Joins

Velox supports inner, left, right, full outer, left semi filter, left semi project, right semi filter, right semi project, and anti hash joins using either partitioned or broadcast distribution strategies. Semi project and anti joins support additional null-aware flag to distinguish between IN (null aware) and EXISTS (regular) semantics. Velox also supports cross joins.

Velox also supports inner and left merge join for the case where join inputs are sorted on the join keys. Right, full, left semi, right semi, and anti merge joins are not supported yet.

Hash Join Implementation

Use HashJoinNode plan node to insert a join into a query plan. Specify the join type, an equi-clause, e.g. pairs of columns on the left and right side whose values need to match, and an optional filter to apply to join results.

../_images/hash-join-node.png

The join type can be one of kInner, kLeft, kRight, kFull, kLeftSemiFilter, kLeftSemiProject, kRightSemiFilter, kRightSemiProject, or kAnti.

kLeftSemiProject, kRightSemiProject and kAnti joins support an additional nullAware flag to distinguish between IN (null aware) and EXISTS (regular) semantics.

Filter is optional. If specified it can be any expression over the results of the join. This expression will be evaluated using the same expression evaluation engine as used by the FilterProject operator and HiveConnector.

Inner join with a filter is equivalent to a join operator followed by FilterProject operator, but left join with a filter is different.

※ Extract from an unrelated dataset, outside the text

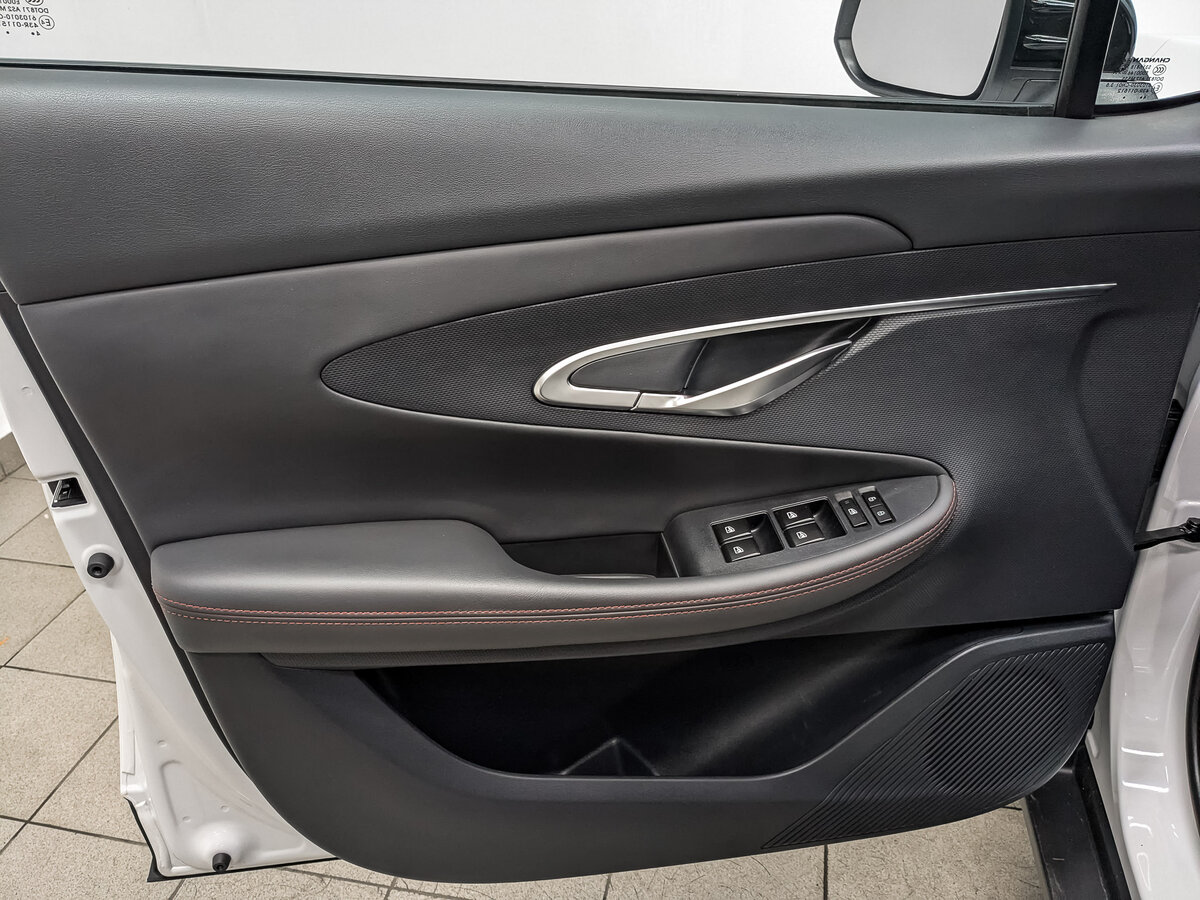 Changan UNI-T с пробегом — 2024 год. Фото: #16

Left join returns all rows from the left side along with all the matches on the build side that pass the filter. The results also include rows from the left side for which there is no match on the build side or neither match passed the filter.

To illustrate the difference between the left join with a filter and a left join followed by a filter consider the following data.

Left side:

id

value

1

10

2

20

3

30

4

40

Right side:

id

name

2

‘a’

2

‘b’

3

‘c’

3

‘d’

3

‘e’

4

‘f’

The result of the left join on left.id = right.id is:

l.id

l.value

r.name

1

10

null

2

20

‘a’

2

20

‘b’

3

30

‘c’

3

30

‘d’

3

30

‘e’

4

40

‘f’

The result of the left join on left.id = right.id with a filter right.name IN (‘a’, ‘f’) is:

l.id

l.value

r.name

1

10

null

2

20

‘a’

3

30

null

4

40

‘f’

Compare this with the result of left join on left.id = right.id followed by filter right.name IN (‘a’, ‘f’):

l.id

l.value

r.name

2

20

‘a’

4

40

‘f’

To execute a plan with a join, Velox creates two separate pipelines. One pipeline processes the build side data and creates a hash table. The other pipeline processes the data on the probe side, joins it with the build side data by probing the hash table and continues execution as specified by downstream plan nodes. HashJoinNode is translated into two separate operators: HashProbe and HashBuild. HashProbe operator becomes part of the probe-side pipeline. HashBuild operator is installed as the last operator of the build-side pipeline. The output of the HashBuild operator is a hash table which HashProbe operator gets access to via a special mechanism: JoinBridge.

../_images/join-pipelines.png

Both HashBuild and HashAggregation operators use the same data structure for the hash table: velox::exec::HashTable. The payload, the non-join key columns referred to as dependent columns, are stored row-wise in the RowContainer.

Using the hash table in join and aggregation allows for a future optimization where the hash table can be reused if the aggregation is followed by the join and aggregation and join keys are the same. We expect to implement this optimization in the near future, but it is currently not implemented.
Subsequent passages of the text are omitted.